RAW DATA

--

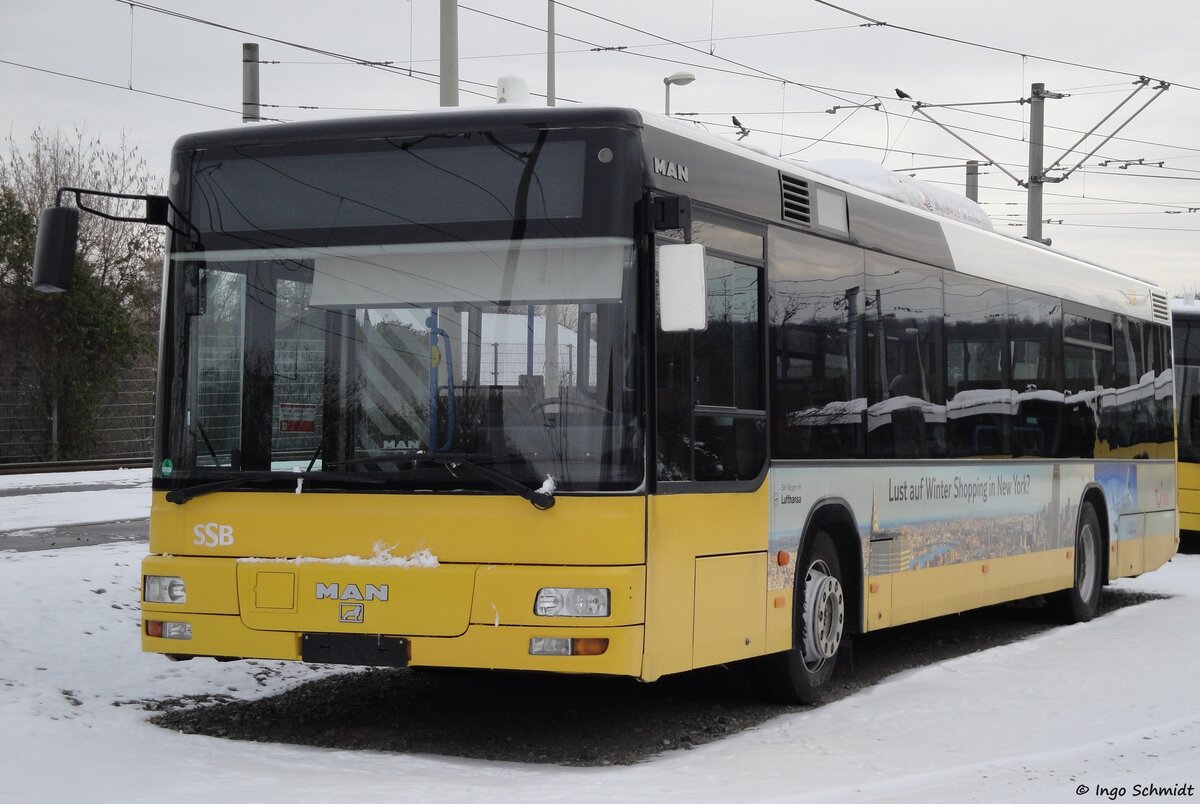 Stuttgarter Straßenbahnen (SSB) | Nr. 5115 | S-SB 5115 | MAN NL 313 | 11.02.2013 in Stuttgart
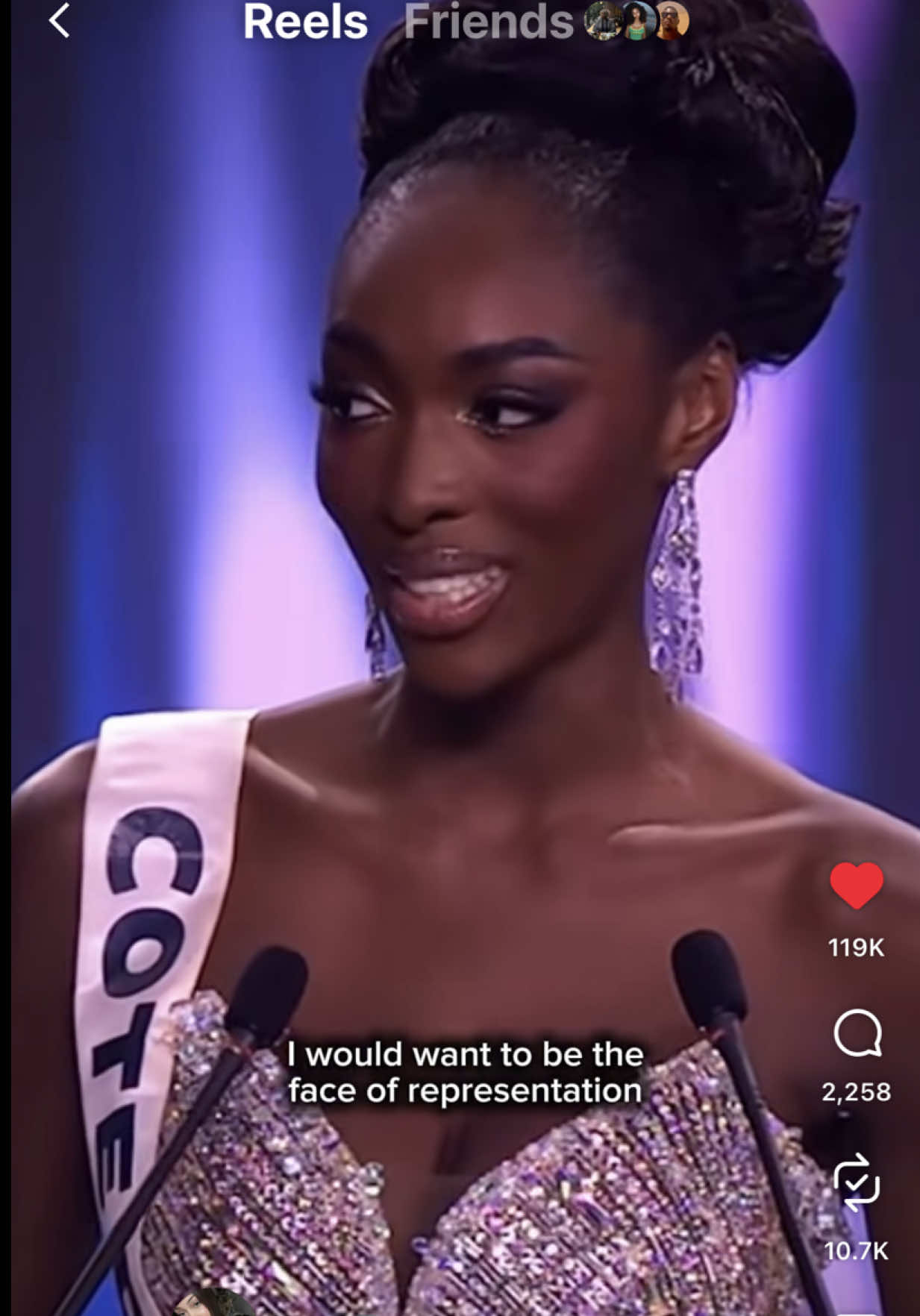 Biggest robbery I’ve witnessed in my lifeeeeeeee. Plus j’y pense plus ça me fait mal 😭. Shame on Miss Universe… #tiktokcotedivoire🇨🇮 #missuniverse #fyp #oliviayace 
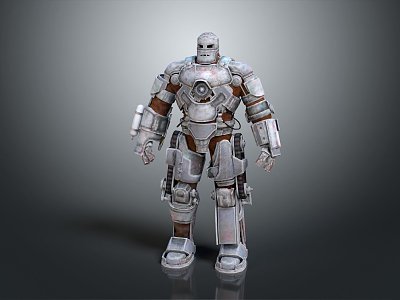 Modern Robot Iron Man Mech Warrior Machine Battlearm Mechanical Battlearm 3d model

--

REQUIREMENT
Omit the pictures, and quote the material above exactly as given.

SOLUTION FOR THIS PROBLEM
 Stuttgarter Straßenbahnen (SSB) | Nr. 5115 | S-SB 5115 | MAN NL 313 | 11.02.2013 in Stuttgart
 Biggest robbery I’ve witnessed in my lifeeeeeeee. Plus j’y pense plus ça me fait mal 😭. Shame on Miss Universe… #tiktokcotedivoire🇨🇮 #missuniverse #fyp #oliviayace 
 Modern Robot Iron Man Mech Warrior Machine Battlearm Mechanical Battlearm 3d model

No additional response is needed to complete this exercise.